Fighting For One Good Rep

February 9, 2015

Brittney Saline

The 63-year-old had never done a toes-to-bar when 14.4 called for 50.

Chuck Miller had been doing CrossFit for a year-and-a-half when he signed up for the 2014 Open. Yet the 63-year-old had never done a single toes-to-bar, and Open Workout 14.4—an AMRAP of rowing for calories, toes-to-bars, wall-ball shots, cleans, and muscle-ups—called for 50.

The Massachusetts resident heard the news while at a friend's house, drinking wine and watching Dave Castro announce the workout at the Live Open Announcement across the country in Seattle.

As he cleared the empty wine glasses, his thoughts drifted to the previous year's Open when he failed to post a score on Open Workout 13.4, an ascending ladder of clean and jerks and toes-to-bars. Unable to lock out the 115-lb. barbell—15 lb. more than his one-rep max—he ended the 7-minute workout with a score of 0. 

“I didn’t get one (rep) on the board and that just broke my heart,” he said. “I didn’t want that to happen in 2014.”

He figured he would score 60 reps during the rowing portion of 14.4, and then spend the remaining time flailing on the bar, shredding his hands as he attempted to get a single toes-to-bar.  But less than 48 hours later, under the pressure of competition, he got his first toes-to-bar and then followed it with 24 more.

“Your adrenaline goes up to a different level (in the Open workouts) than a regular WOD; you feel like there’s more at stake,” he explained.

To put the achievement in perspective, when Miller joined CrossFit 2A, his only goal was to lose weight. He wrote off certain movements like toes-to-bars as too advanced, and never gave them more than a few casual attempts. Whenever toes-to-bars came up in the gym's WODs, he did knees-to-elbows instead. 

“I avoided them,” he admitted. “I would go for the scaled option. I figured that toes-to-bars were out of reach.”

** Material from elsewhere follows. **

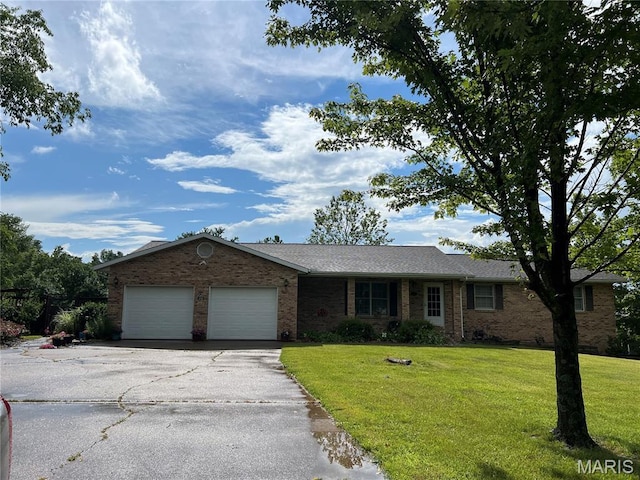 6969 US Highway 61, Jackson, MO 63755 - ranch-style home featuring brick siding, an attached garage, asphalt driveway, and a front yard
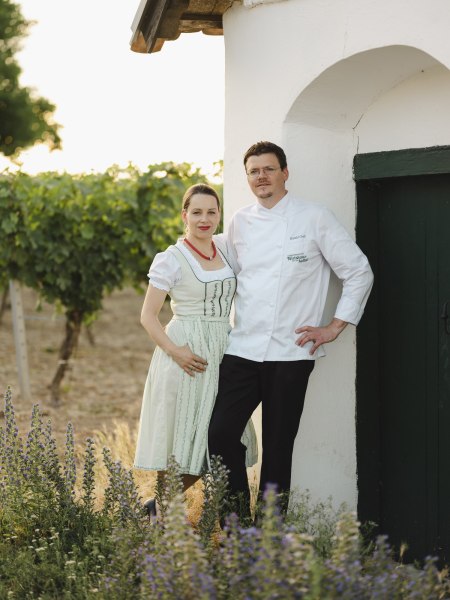 Wirtsleute Daniela und Harald Graf, © Niederösterreich Werbung/Michael Reidinger Ein Paar in traditioneller Kleidung steht vor einem weißen Gebäude neben einem Weinberg.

But in 14.4, there was no scaled option. If Miller wanted to do more than row, he had to get his feet over his head. So, like a student desperate to learn a semester’s worth of material in a single night, he crammed, spending most of the Friday after the live announcement watching tutorials on YouTube.

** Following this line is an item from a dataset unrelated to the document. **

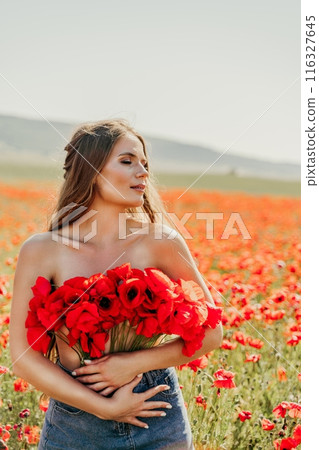 Woman poppies field. portrait happy woman with long hair in a poppy field and enjoying the beauty of nature in a warm summer day. Woman poppies field. portrait happy woman with long hair in a poppy field and enjoying the beauty of nature in a warm summer day. 116327645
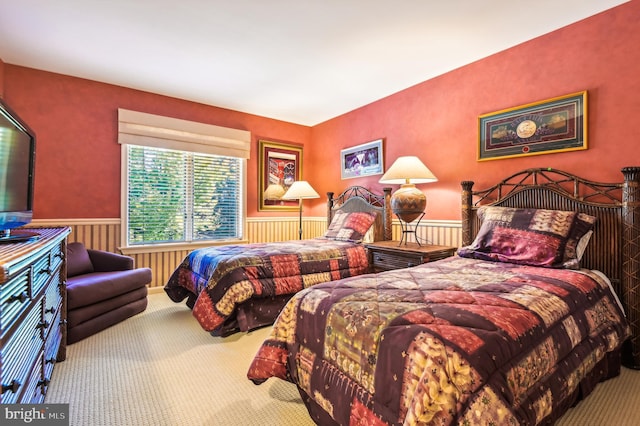 carpeted bedroom featuring a wainscoted wall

Just before midnight, Miller pinpointed the flaw in his technique.

“It was basically like I was lying on my back and doing a crunch,” he explained. “Then, I saw that it’s all from the hips, you kick back and kip into a full swing so you’ve got the momentum of your hips going up.”

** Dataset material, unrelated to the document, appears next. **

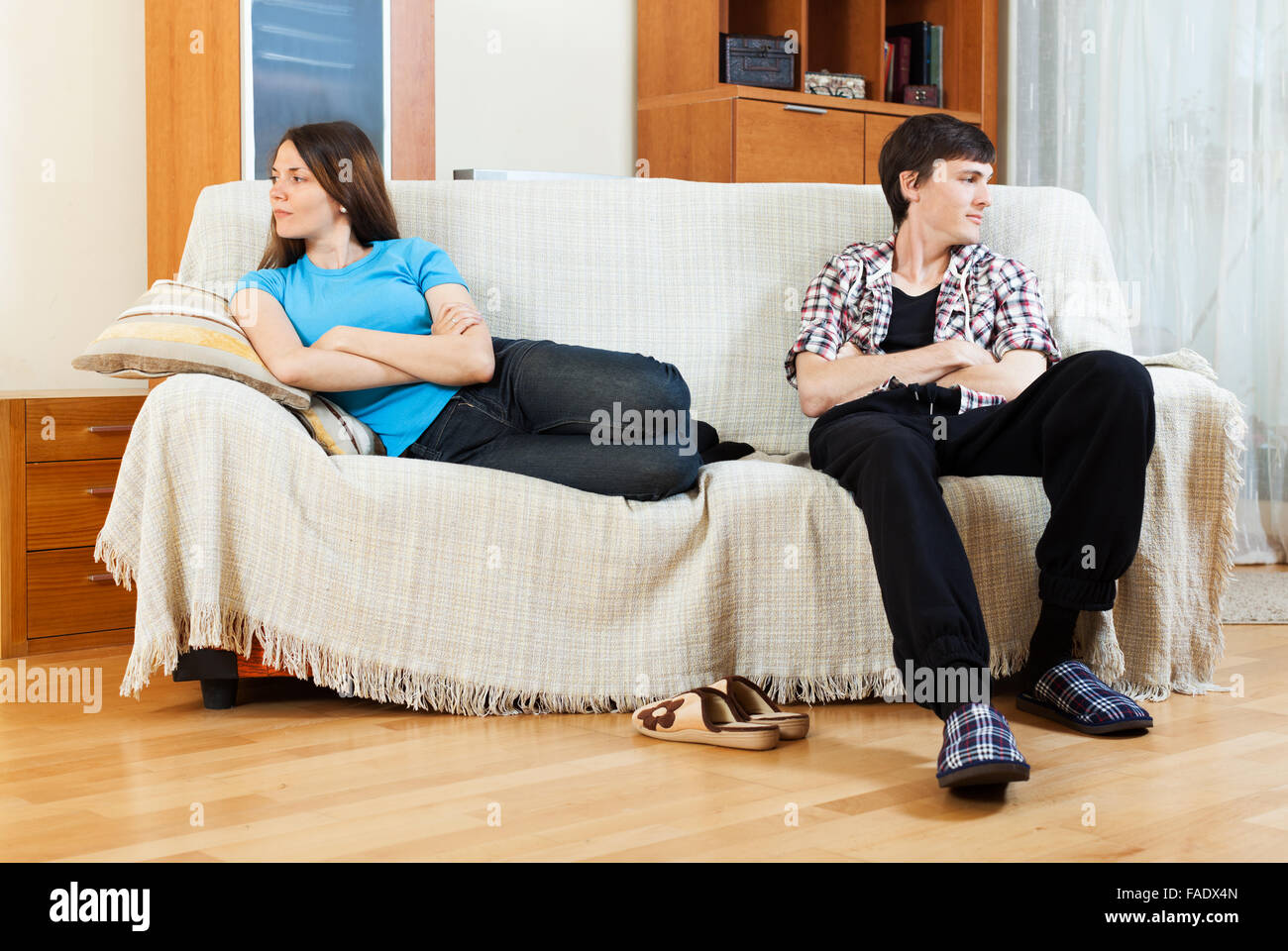 Sad young couple after conflict on sofa at home Stock Photo - Alamy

Before he fell asleep that night, he lay in the dark imagining himself executing perfect toes-to-bars. The next morning, his friends from the gym gathered to watch him make his attempt.

With 9 minutes and 50 seconds left on the clock after finishing the 60-calorie row, Miller chalked his hands and leapt to the bar. Visualizing the movement he’d studied the night before, he swung his legs back before aggressively closing his hips. His knees flew up toward the ceiling, and the bar resounded with a satisfying thud as his toes hit the steel for the first time.

“The entire movement felt different,” he said. “It was a lot less labor. It was like all of the sudden someone had revealed the secret to me.”

He dropped from the bar and shook out his arms. When he jumped up again, he performed a second good rep, accumulating reps in singles as the clock counted down. By the final two minutes, Miller had bloodied the bar with his torn hands.

His judge, a young athlete named Jeff Yeakley, alternated shouts of encouragement with demands for more reps before the time ran out.

“(Yeakley) was as excited as I was, which was kind of exhilarating. His enthusiasm was contagious,” Miller said.

He chalked one last time and added four more reps to his score, for a total of 85.

“If I had gotten 61 (total reps) it would have been a victory,” he said. “I ended up with 85 (reps) and I was ecstatic.”

If it weren’t for that workout, Miller admitted he might still avoid toes-to-bars.

“There’s a tendency (in regular workouts) if you’re scaling and you’re not proficient at some things, you kind of gravitate to that as being where you belong,” he said. “I had no issue with going into a daily WOD and scaling or substituting, but when you get disqualified because you can’t do a movement (in the Open), it ups the ante and you’re forced to deal with it.”